Empezó a visitar con mayor asiduidad el asentamiento ubicado a unos pocos kilómetros. Adoptó un husky siberiano que siempre vio deambulando en el poblado. Tenía una enorme cicatriz que recorría su rostro y un ojo ausente. Le ofreció un pedazo de la carne seca sobrante que llevaba consigo y el animal no dejó de seguirlo. Siempre lo alimentó de manera insuficiente para que él se procurara el faltante. Fue un acuerdo tácito y a partir de allí, roedores, aves o pequeños mamíferos se encontraron entre sus bocados.
Sobrevivía a duras penas comercializando las pieles que conseguía. Decidió que seguir matando de esa forma ya no era lo suyo y apenas el clima lo permitió, intentó producir leña. Era un verdadero acertijo saber qué ocurriría con la respuesta de su cuerpo. Había dejado atrás la juventud y la vida no lo había tratado de manera muy benevolente. Sin embargo, el físico respondió y la actividad hizo reaparecer nuevos bríos que lo entusiasmaron a seguir. Sabía que, con ese rigor climático, la necesidad de calefacción era casi una constante y además, el flujo de nuevos habitantes que aceptaban el desafío de vivir allí, parecía no detenerse.

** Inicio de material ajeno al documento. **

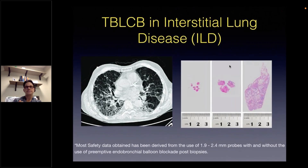The use of cryoprobe for lung biopsies isn't novel and we have learned a lot about its application in the ILD population over the past decade. Obtaining larger representative tissue specimens for better architecture for pathological evaluation is what has encouraged its use in this particular patient population. Most safety data obtained has been derived from the use of the older cryoprobes, which range between 1.9 to 2.4 millimeters, implementing a preemptive endobronchial balloon blockade strategy after biopsies in some of these studies.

En una ocasión, mientras se encontraba ausente, un oso se ensañó contra la puerta de acceso de la vivienda. El hambre acuciante y el olor de la carne de pescado secándose en su interior, lo llevó a buscar el ingreso. La rusticidad y resistencia del inmueble lo impidieron. En otra, mientras deambulaba por las proximidades, calzado con raquetas de nieve y aprovechando el impasse de una intensa nevada, observó unas huellas de tigre evidentemente frescas. Giró sobre sí y emprendió la retirada. Momentos después un apabullante rugido rompió con el silencio del entorno.
Los ingresos en la población se incrementaron y con ellos, las comodidades. Aunque el gas llegó finalmente a la ahora incipiente ciudad, la demanda por leña se mantuvo en niveles rentables.
Es común ver sentado bajo el alero a dos solitarios que se encontraron. Mientras que uno ríe fácilmente, el otro aúlla acompañándolo. La vida puede ser bella si uno acepta el desafío de buscarla con esa mirada y sostenerla.